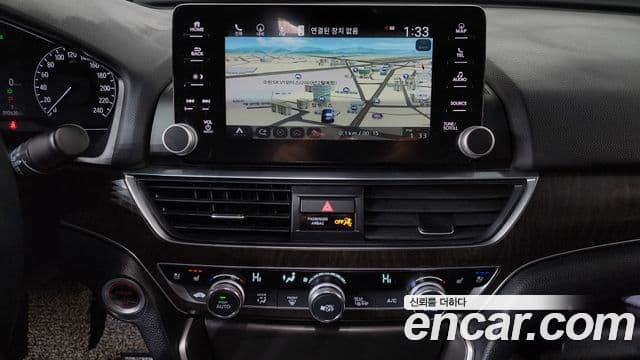 Honda Accord 10세대 2.0 гибрид Туринг (Touring), 2021 15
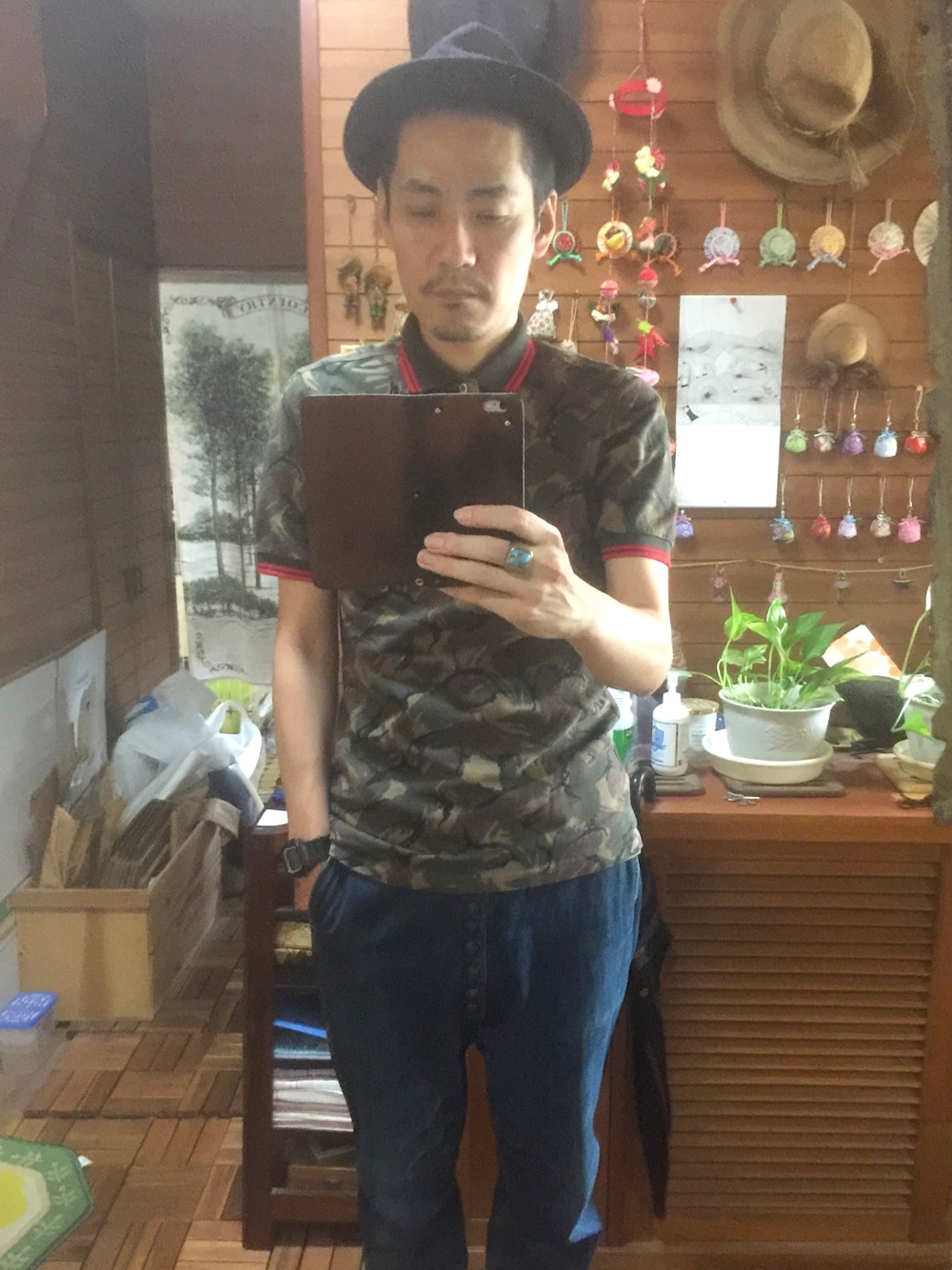 「ポロシャツ、フレッドペリー、FRED PERRY、ヌーディージーンズ、Nudie jeans、KAPITAL、デニム、g shock、迷彩、リング」｜「Nudie Jeansのアイテム（ハット、ブラック系）」を使った、 Beatnik BeaTの中の人さん（メンズ・175cm）の夏コーディネートの1枚目の写真
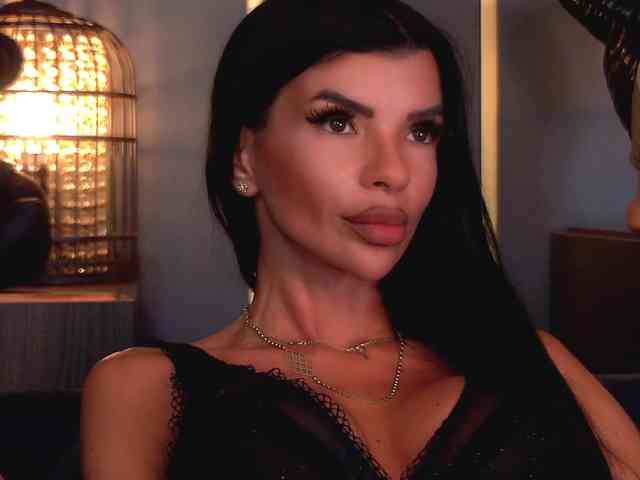 EleniaDevons webcam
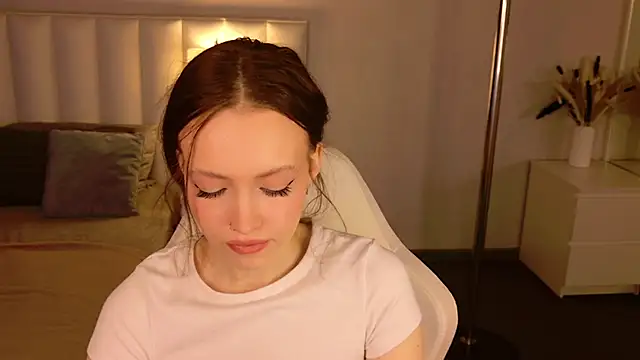 SallyPinkman online show from February 5, 9:05 am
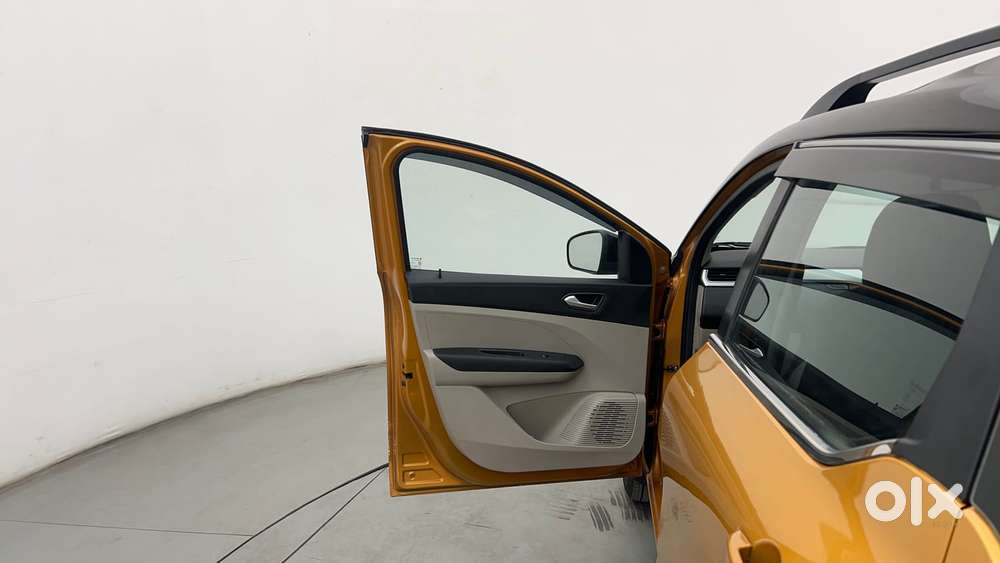Renault Triber 1.0 Rxz Dual Tone, 2022, Petrol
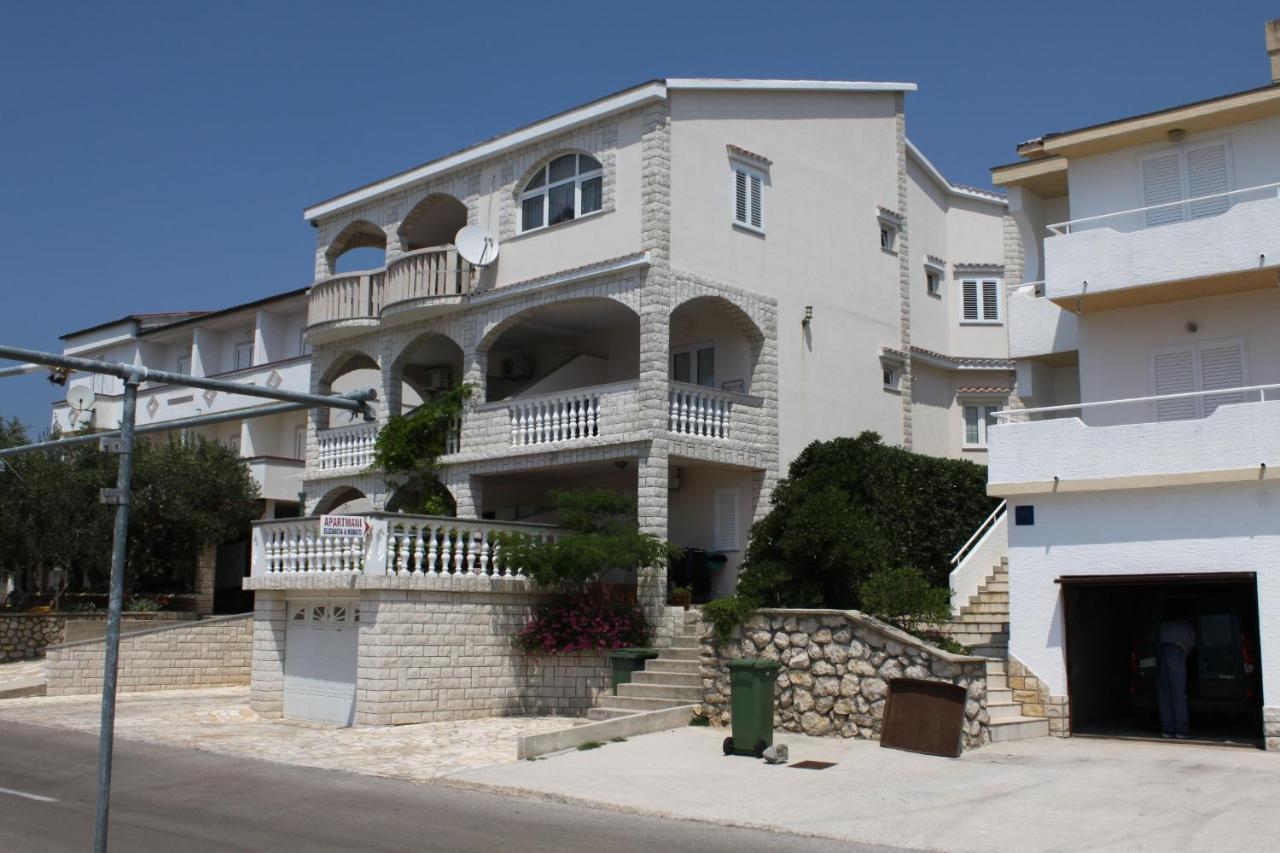 Apartments By The Sea Stara Novalja, Pag - 6469 Exterior photo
-- -- --
--- Task statement ---
Give back exactly the lines from the one with "EleniaDevons webcam" through the end of the records above, inclusive, and omit any pictures.

--- Output of the exercise ---
 EleniaDevons webcam
 SallyPinkman online show from February 5, 9:05 am
Renault Triber 1.0 Rxz Dual Tone, 2022, Petrol
 Apartments By The Sea Stara Novalja, Pag - 6469 Exterior photo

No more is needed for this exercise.